Your task is to write out every line of the data exactly. Drop the pictures.

> **THE DATA**:
BEGIN

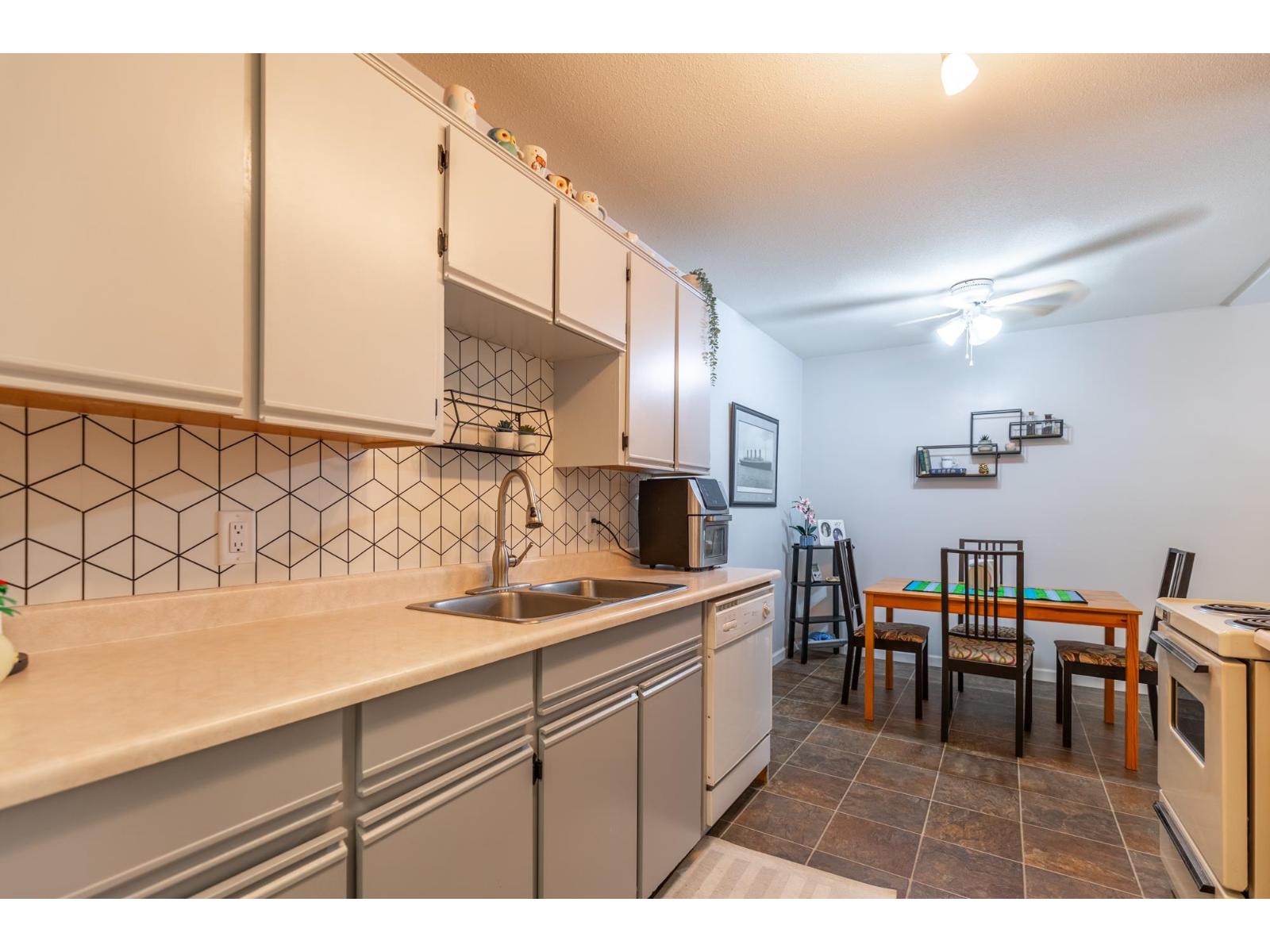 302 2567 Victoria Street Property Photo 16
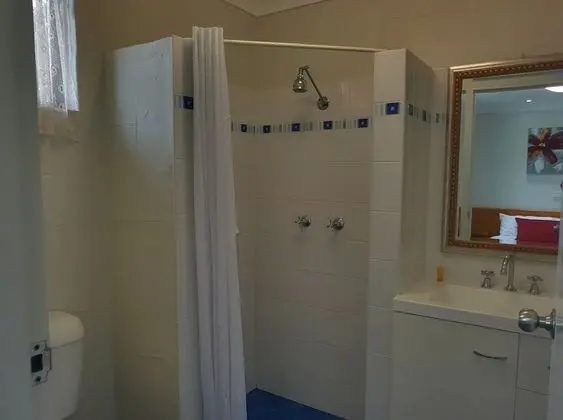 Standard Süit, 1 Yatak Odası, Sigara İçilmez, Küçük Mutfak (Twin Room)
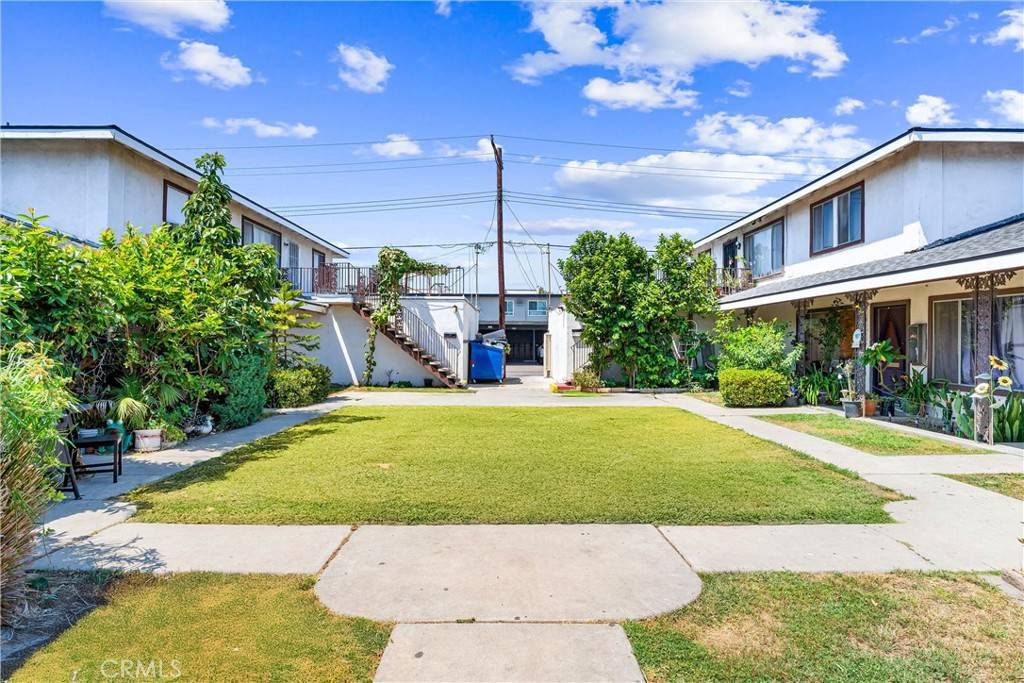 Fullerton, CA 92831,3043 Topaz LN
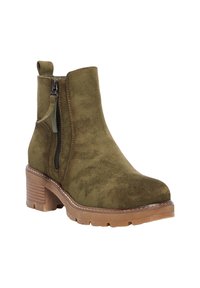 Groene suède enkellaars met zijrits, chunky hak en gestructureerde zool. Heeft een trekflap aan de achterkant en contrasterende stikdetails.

END

> **WRITTEN SOLUTION**:
 302 2567 Victoria Street Property Photo 16
 Standard Süit, 1 Yatak Odası, Sigara İçilmez, Küçük Mutfak (Twin Room)
 Fullerton, CA 92831,3043 Topaz LN
 Groene suède enkellaars met zijrits, chunky hak en gestructureerde zool. Heeft een trekflap aan de achterkant en contrasterende stikdetails.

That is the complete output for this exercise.